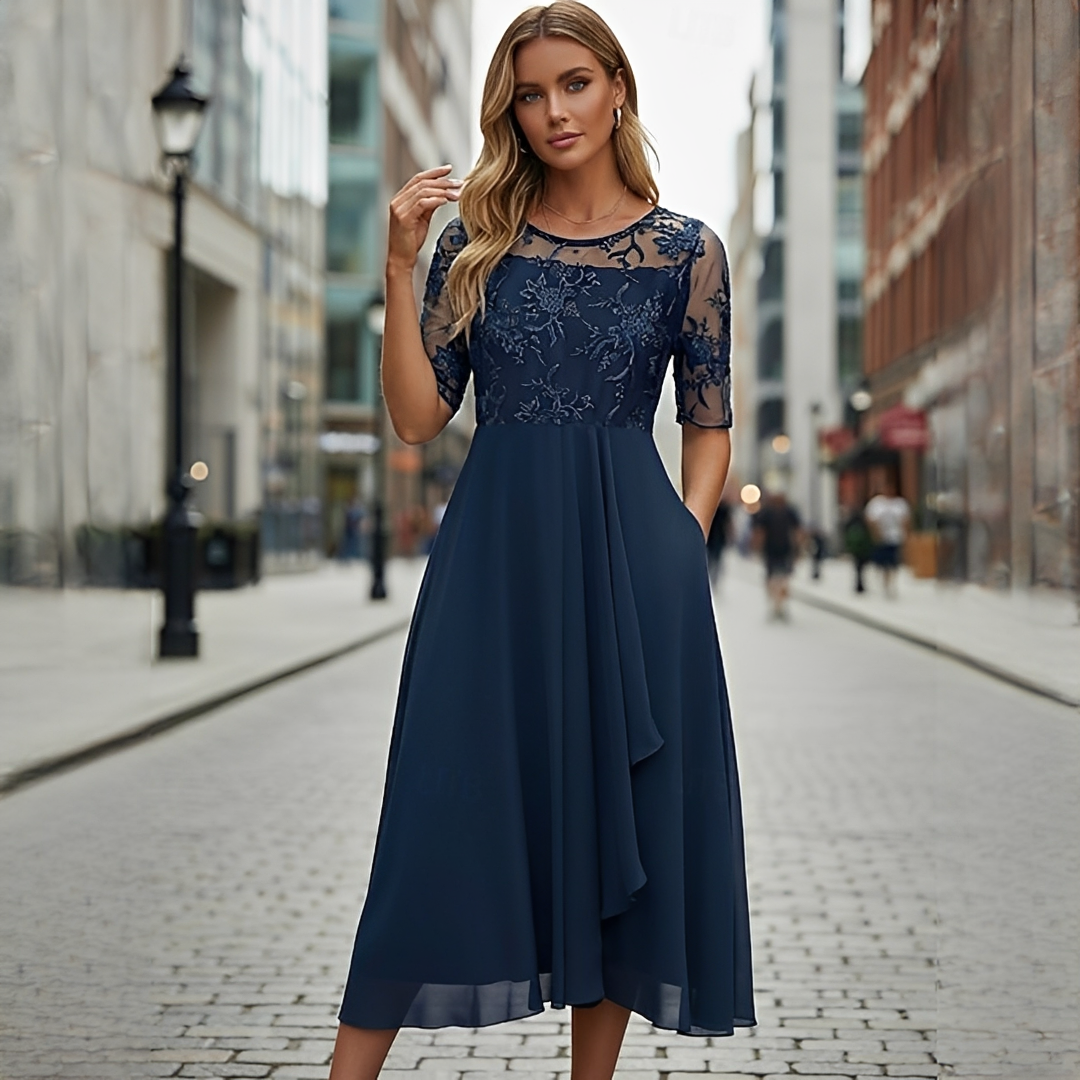 Victoria - Stylish Lace Patterned Dress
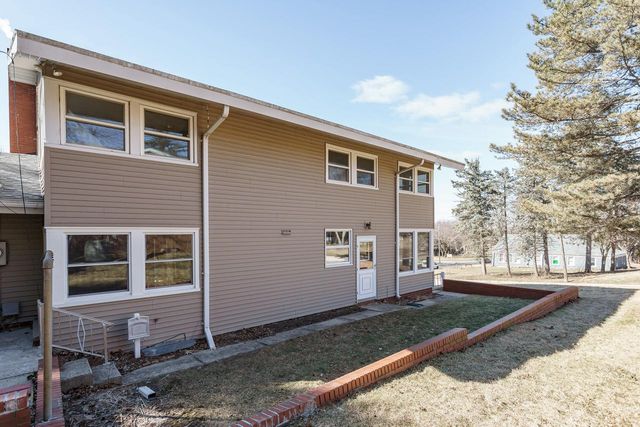 1011 Richards AVENUE, Watertown, WI 53094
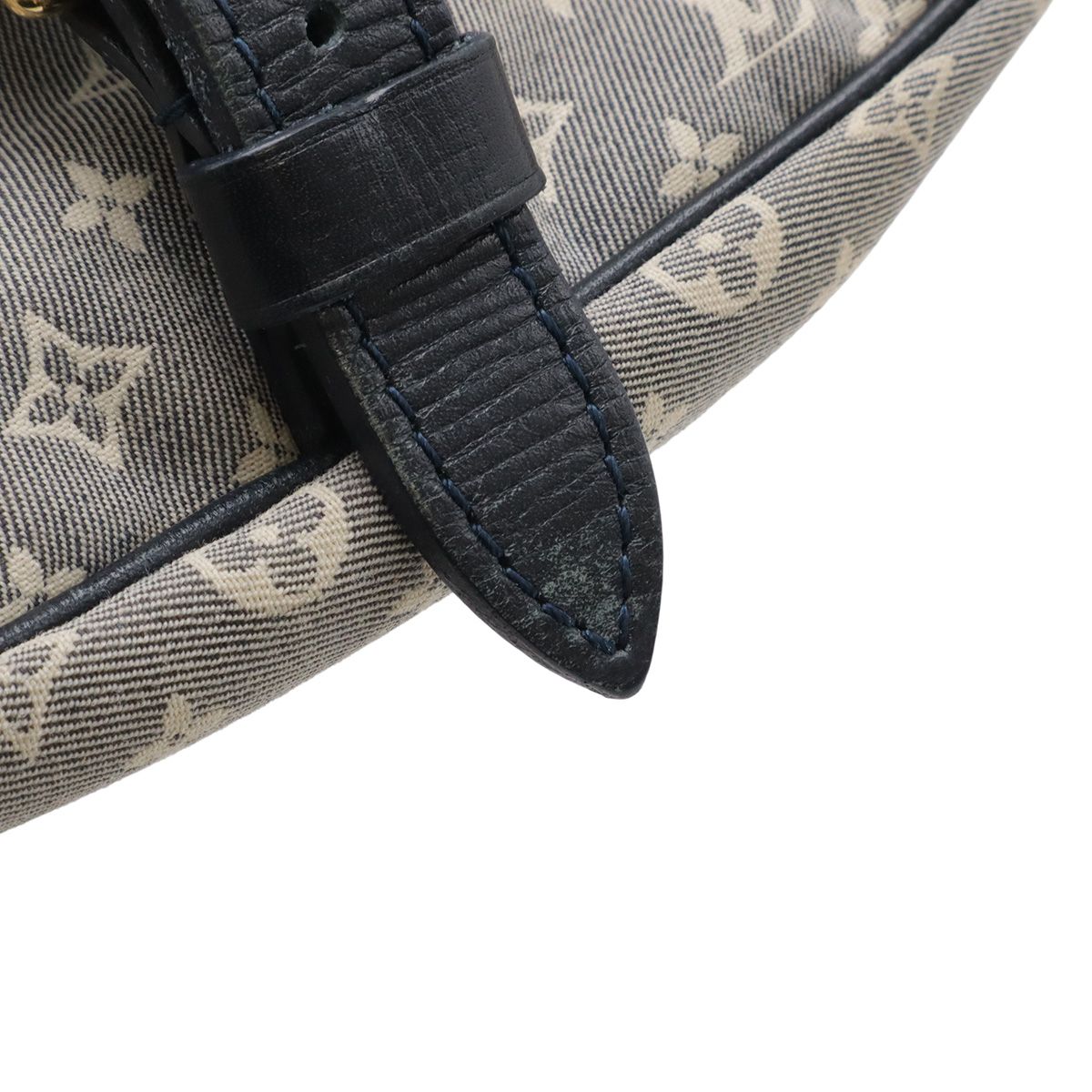 Louis Vuitton Monogram Idylle Saumur PM Shoulder Bag Crossbody Canvas Leather — view 4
________
▸ What is required: Return the listing above in full and unaltered. Keep the pictures out.

▸ Solution below:
 Victoria - Stylish Lace Patterned Dress
 1011 Richards AVENUE, Watertown, WI 53094
 Louis Vuitton Monogram Idylle Saumur PM Shoulder Bag Crossbody Canvas Leather — view 4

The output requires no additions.